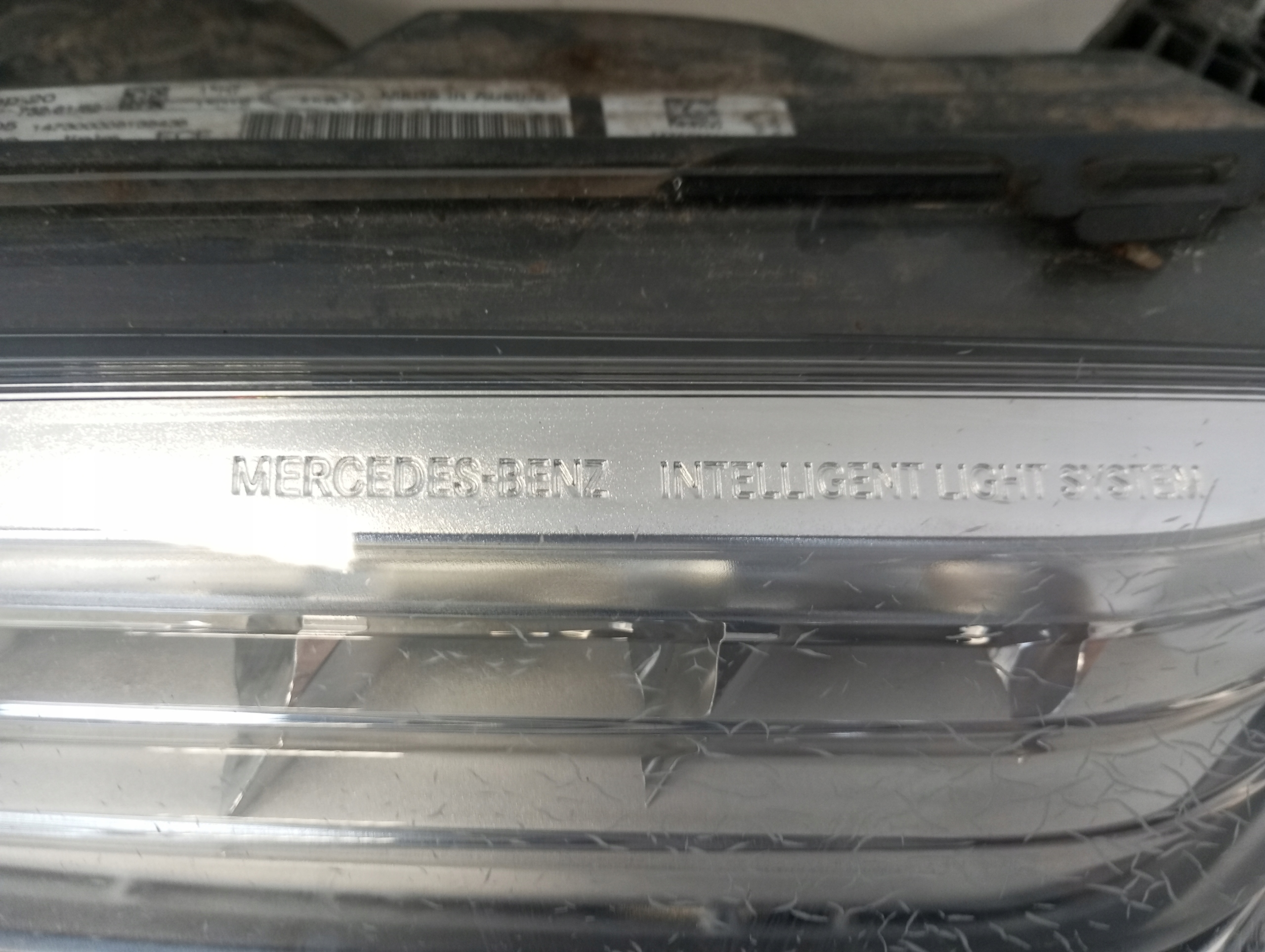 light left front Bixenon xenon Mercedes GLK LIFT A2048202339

##############################

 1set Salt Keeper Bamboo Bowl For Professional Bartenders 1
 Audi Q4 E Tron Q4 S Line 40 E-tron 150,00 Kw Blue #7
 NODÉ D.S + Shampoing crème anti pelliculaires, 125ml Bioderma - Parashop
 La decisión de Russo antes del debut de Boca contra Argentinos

##############################

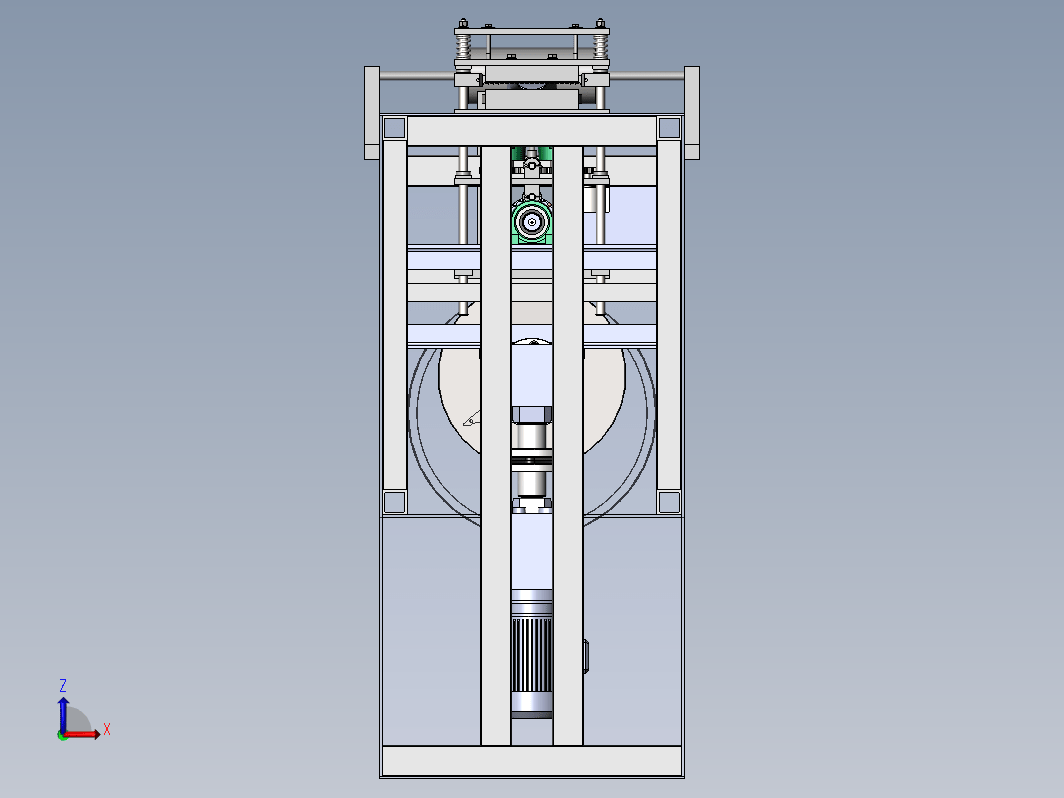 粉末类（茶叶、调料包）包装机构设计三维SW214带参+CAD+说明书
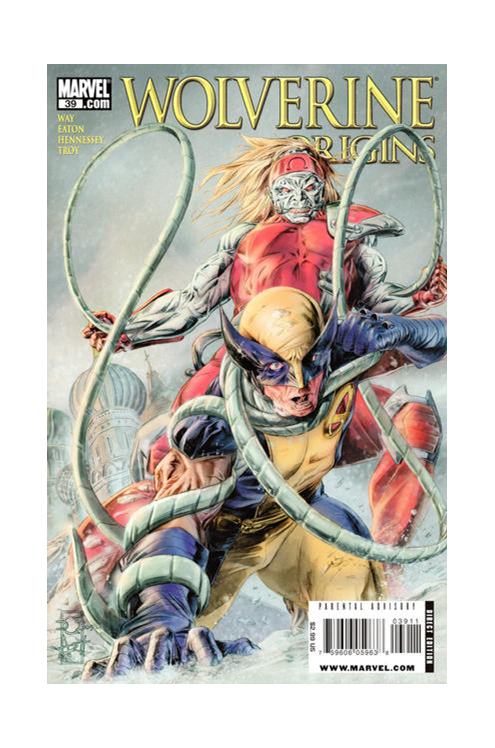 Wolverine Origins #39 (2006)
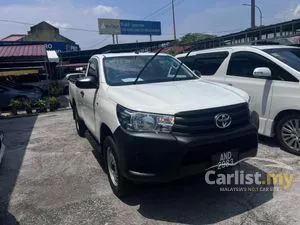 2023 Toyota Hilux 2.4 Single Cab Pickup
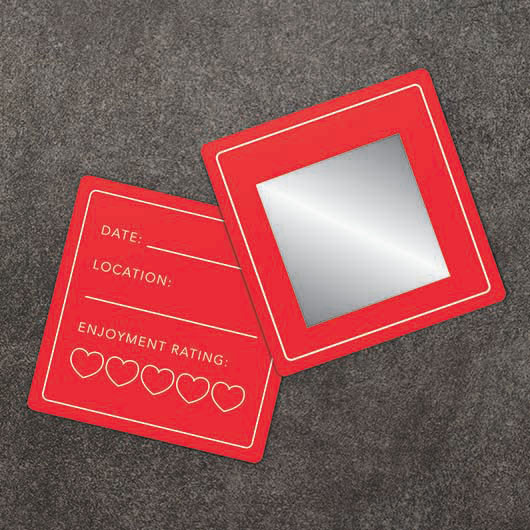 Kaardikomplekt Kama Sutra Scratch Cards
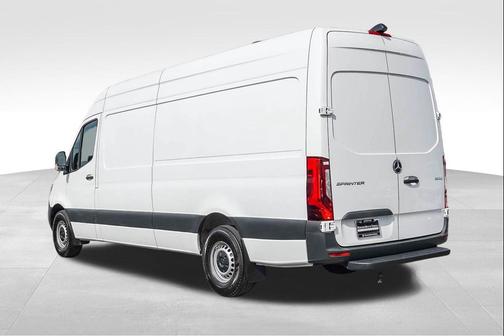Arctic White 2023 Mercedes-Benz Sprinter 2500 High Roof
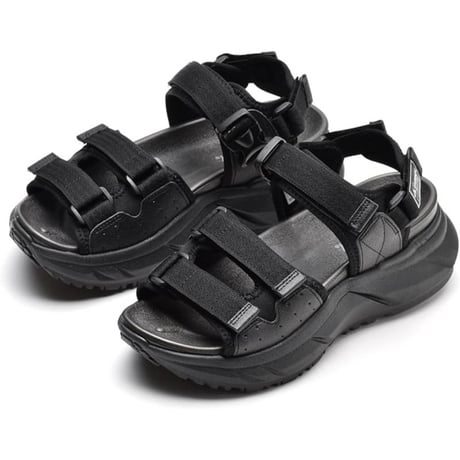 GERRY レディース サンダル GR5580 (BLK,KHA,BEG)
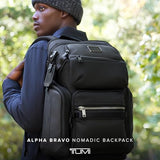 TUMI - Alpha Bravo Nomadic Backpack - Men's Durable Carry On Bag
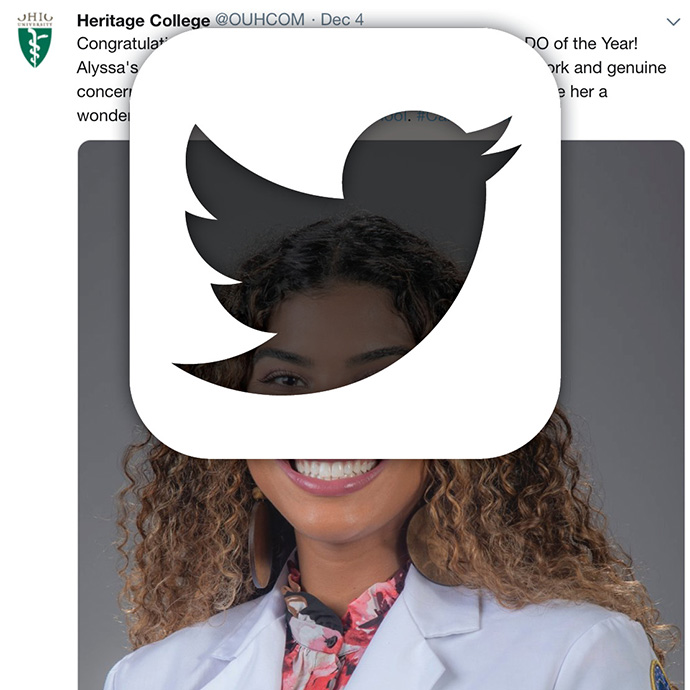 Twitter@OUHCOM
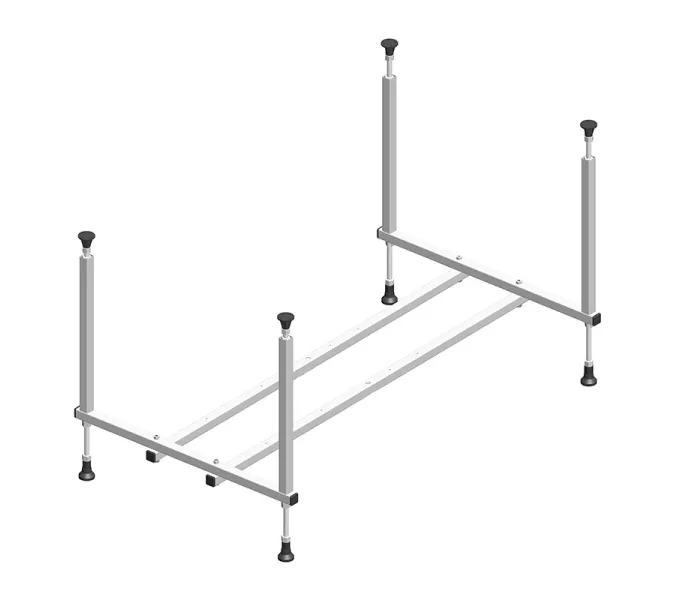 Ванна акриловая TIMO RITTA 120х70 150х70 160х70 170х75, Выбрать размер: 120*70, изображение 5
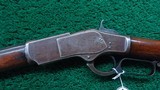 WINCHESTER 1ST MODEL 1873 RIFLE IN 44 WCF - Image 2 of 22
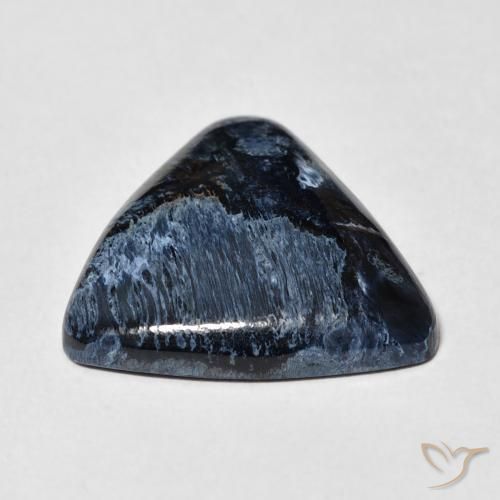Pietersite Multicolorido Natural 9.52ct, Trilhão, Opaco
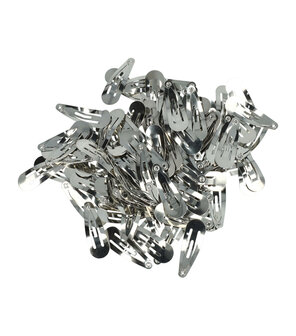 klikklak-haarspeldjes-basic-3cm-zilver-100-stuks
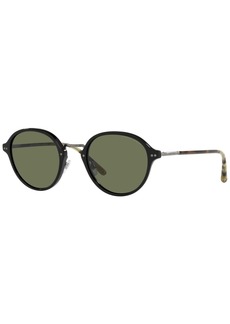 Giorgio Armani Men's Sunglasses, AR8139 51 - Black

##############################

▶ **Exercise**
Print exactly the lines above that run from the one with "Ванна акриловая TIMO" to the one with "Giorgio Armani Men's", both included. No pictures.

▶ **Written response**
 Ванна акриловая TIMO RITTA 120х70 150х70 160х70 170х75, Выбрать размер: 120*70, изображение 5
 WINCHESTER 1ST MODEL 1873 RIFLE IN 44 WCF - Image 2 of 22
Pietersite Multicolorido Natural 9.52ct, Trilhão, Opaco
 klikklak-haarspeldjes-basic-3cm-zilver-100-stuks
 Giorgio Armani Men's Sunglasses, AR8139 51 - Black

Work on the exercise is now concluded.